Exactly as they appear, restate the lines of the material, from the first through the one containing "Friends Dont Lie".

----- Supplied records

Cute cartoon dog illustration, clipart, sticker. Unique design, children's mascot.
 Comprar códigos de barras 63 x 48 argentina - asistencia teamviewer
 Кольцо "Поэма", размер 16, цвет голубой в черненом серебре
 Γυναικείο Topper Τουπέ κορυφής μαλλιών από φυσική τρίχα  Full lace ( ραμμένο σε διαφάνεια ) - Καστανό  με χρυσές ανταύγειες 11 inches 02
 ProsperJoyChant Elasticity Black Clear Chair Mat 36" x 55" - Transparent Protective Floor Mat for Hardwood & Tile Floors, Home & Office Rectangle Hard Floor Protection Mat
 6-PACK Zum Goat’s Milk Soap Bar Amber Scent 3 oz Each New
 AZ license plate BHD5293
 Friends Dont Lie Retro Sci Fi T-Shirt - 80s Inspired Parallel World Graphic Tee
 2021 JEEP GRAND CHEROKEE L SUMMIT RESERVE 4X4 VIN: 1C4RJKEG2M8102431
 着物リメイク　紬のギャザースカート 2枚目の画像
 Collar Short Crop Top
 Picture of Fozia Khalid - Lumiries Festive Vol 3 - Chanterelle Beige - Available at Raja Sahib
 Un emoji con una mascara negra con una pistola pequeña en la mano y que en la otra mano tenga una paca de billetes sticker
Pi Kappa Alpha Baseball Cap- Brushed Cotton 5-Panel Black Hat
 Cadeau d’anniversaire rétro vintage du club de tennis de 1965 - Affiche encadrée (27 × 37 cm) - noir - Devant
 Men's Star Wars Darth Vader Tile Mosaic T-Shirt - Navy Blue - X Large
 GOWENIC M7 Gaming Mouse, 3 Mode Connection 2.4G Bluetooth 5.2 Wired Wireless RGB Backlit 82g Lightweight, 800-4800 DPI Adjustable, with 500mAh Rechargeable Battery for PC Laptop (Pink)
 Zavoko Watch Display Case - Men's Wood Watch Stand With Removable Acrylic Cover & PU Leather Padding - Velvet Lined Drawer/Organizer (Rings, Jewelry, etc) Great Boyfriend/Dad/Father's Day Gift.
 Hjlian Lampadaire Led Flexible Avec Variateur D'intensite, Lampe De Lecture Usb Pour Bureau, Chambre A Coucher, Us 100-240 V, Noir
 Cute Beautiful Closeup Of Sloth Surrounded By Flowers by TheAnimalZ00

----------

• Solution:
Cute cartoon dog illustration, clipart, sticker. Unique design, children's mascot.
 Comprar códigos de barras 63 x 48 argentina - asistencia teamviewer
 Кольцо "Поэма", размер 16, цвет голубой в черненом серебре
 Γυναικείο Topper Τουπέ κορυφής μαλλιών από φυσική τρίχα  Full lace ( ραμμένο σε διαφάνεια ) - Καστανό  με χρυσές ανταύγειες 11 inches 02
 ProsperJoyChant Elasticity Black Clear Chair Mat 36" x 55" - Transparent Protective Floor Mat for Hardwood & Tile Floors, Home & Office Rectangle Hard Floor Protection Mat
 6-PACK Zum Goat’s Milk Soap Bar Amber Scent 3 oz Each New
 AZ license plate BHD5293
 Friends Dont Lie Retro Sci Fi T-Shirt - 80s Inspired Parallel World Graphic Tee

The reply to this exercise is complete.